Challenges in Underwriting Commercial Mortgages in a High-Interest Rate Environment


Higher interest rates are creating challenges in underwriting commercial mortgages, as property incomes have not kept pace with borrowing costs. Loan proceeds are reduced, and borrowers are requesting greater flexibility to prepay their loans. The cost of hedging products, such as interest rate protection agreements, has increased significantly in a high-interest rate environment.


Effects on Loan Proceeds and Borrower Flexibility


Higher interest rates reduce loan proceeds for commercial mortgages. Borrowers are requesting greater flexibility to prepay their loans to mitigate the impact of higher interest rates. Loan proceeds are reduced, leading to challenges in financing commercial real estate projects.


The Cost of Hedging Products in a High-Interest Rate Environment


The cost of hedging products, such as interest rate protection agreements, has increased significantly in a high-interest rate environment. Borrowers and lenders are facing higher costs for hedging against interest rate fluctuations.
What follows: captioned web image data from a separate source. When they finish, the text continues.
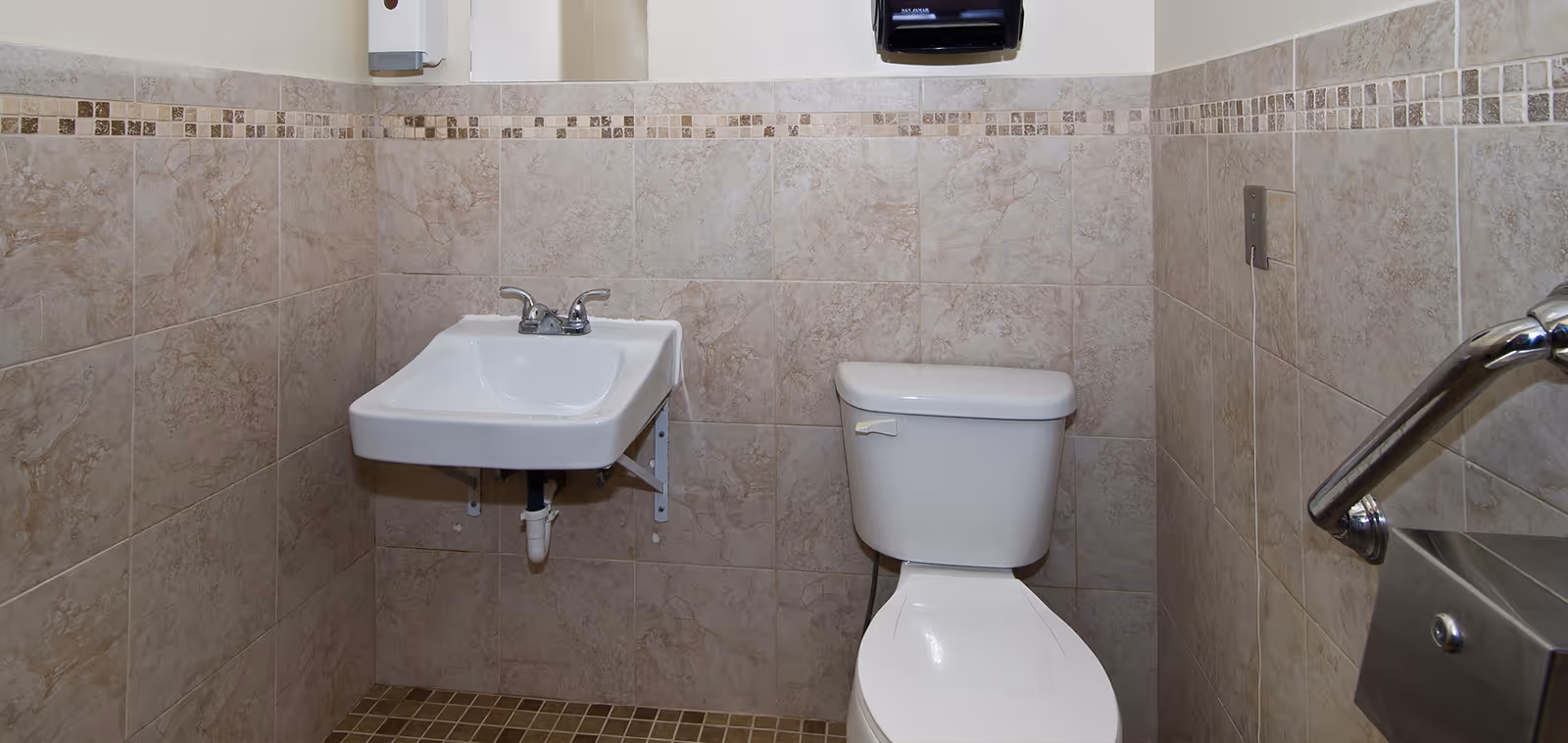 A small bathroom with beige tiled walls and floor, featuring a white wall-mounted sink with a faucet, a white toilet, a metal grab bar on the right wall, a soap dispenser above the sink, and a paper towel dispenser on the wall above the toilet.
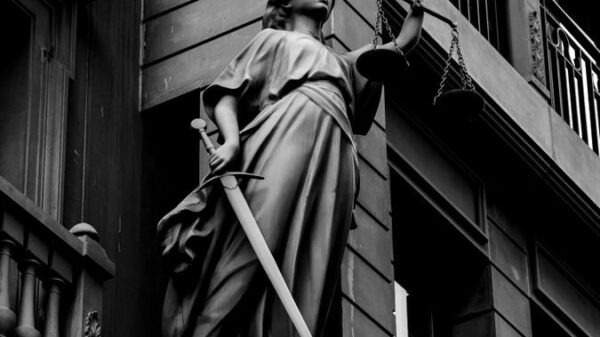 A dramatic black and white photo of a justice statue holding a sword and scales.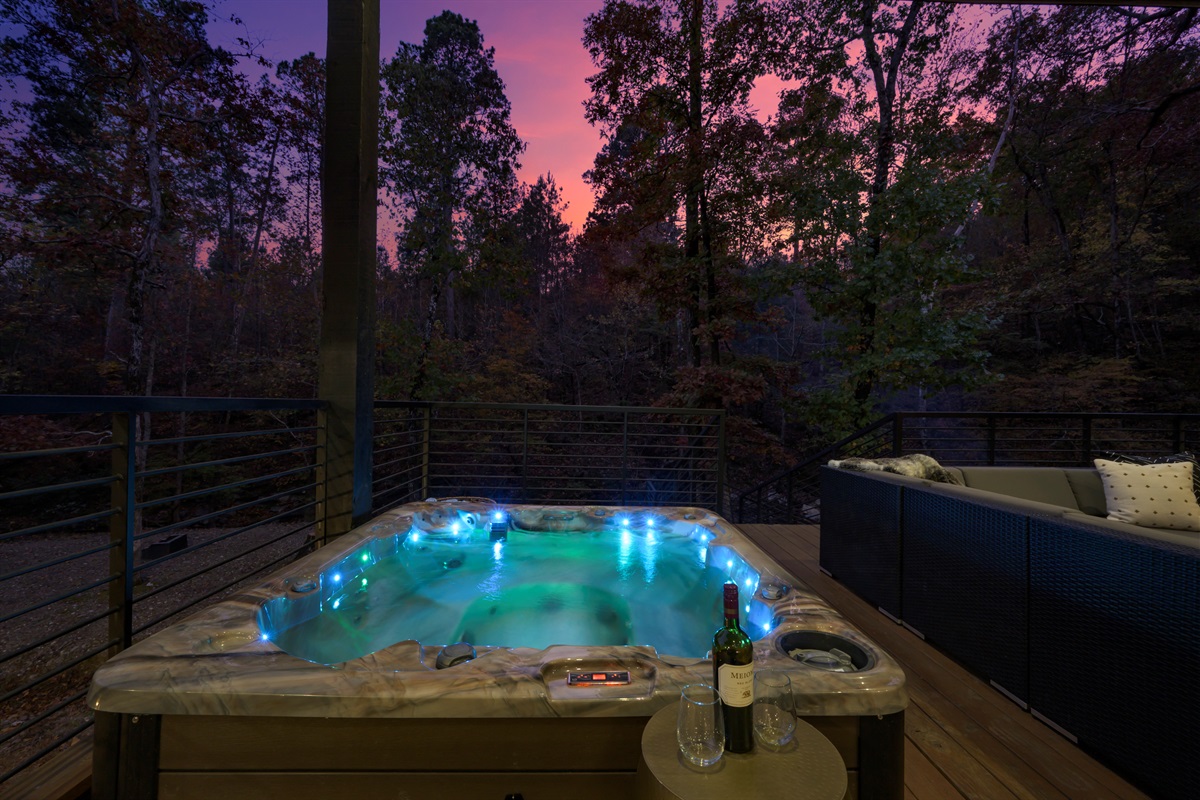 Evenings don’t get better than this—soak in the hot tub as the forest glows at sunset.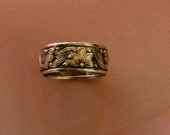 Antique sterling floral band ring H Wexel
The increased cost of hedging products adds to the overall cost of financing commercial mortgages.


Trends in Commercial Lending Activity and the Federal Reserve's Outlook


Commercial lending activity, including CMBS and CRE-CLO issuance, has declined in response to rising interest rates. The Federal Reserve's signals of more rate hikes create uncertainty in the commercial lending market. Borrowers with maturing loans may seek extensions or modifications, but lenders may require added structure or reserves. Borrowers may need to seek alternative sources of financing or face defaults and workout scenarios.


Options for Borrowers with Maturing Loans in a High-Interest Rate Environment


Borrowers with maturing loans in a high-interest rate environment have the option to seek extensions or modifications. However, lenders may require added structure or reserves to mitigate the impact of higher interest rates. Borrowers may also need to seek alternative sources of financing or face defaults and workout scenarios.


Seeking Alternative Sources of Financing and Avoiding Defaults


In a high-interest rate environment, borrowers may need to explore alternative sources of financing to mitigate the impact of rising interest rates. The commercial real estate industry will need to be creative in securing mutually beneficial loans during this volatile period. Defaults and workout scenarios become more likely in a high-interest rate environment.


Creative Solutions for Securing Mutually Beneficial Loans


The commercial real estate industry needs to be creative in securing mutually beneficial loans during this volatile period. Exploration of alternative financing options and strategies can help overcome the challenges posed by higher interest rates.



Rising interest rates have a significant impact on commercial mortgages. They influence commercial mortgage rates, affect underwriting and loan proceeds, and increase the cost of hedging products. The commercial lending market has experienced a decline in activity, and borrowers with maturing loans face challenges in a high-interest rate environment. It is crucial for borrowers and lenders to explore alternative financing options and adapt to the current interest rate environment to ensure the success of commercial real estate projects.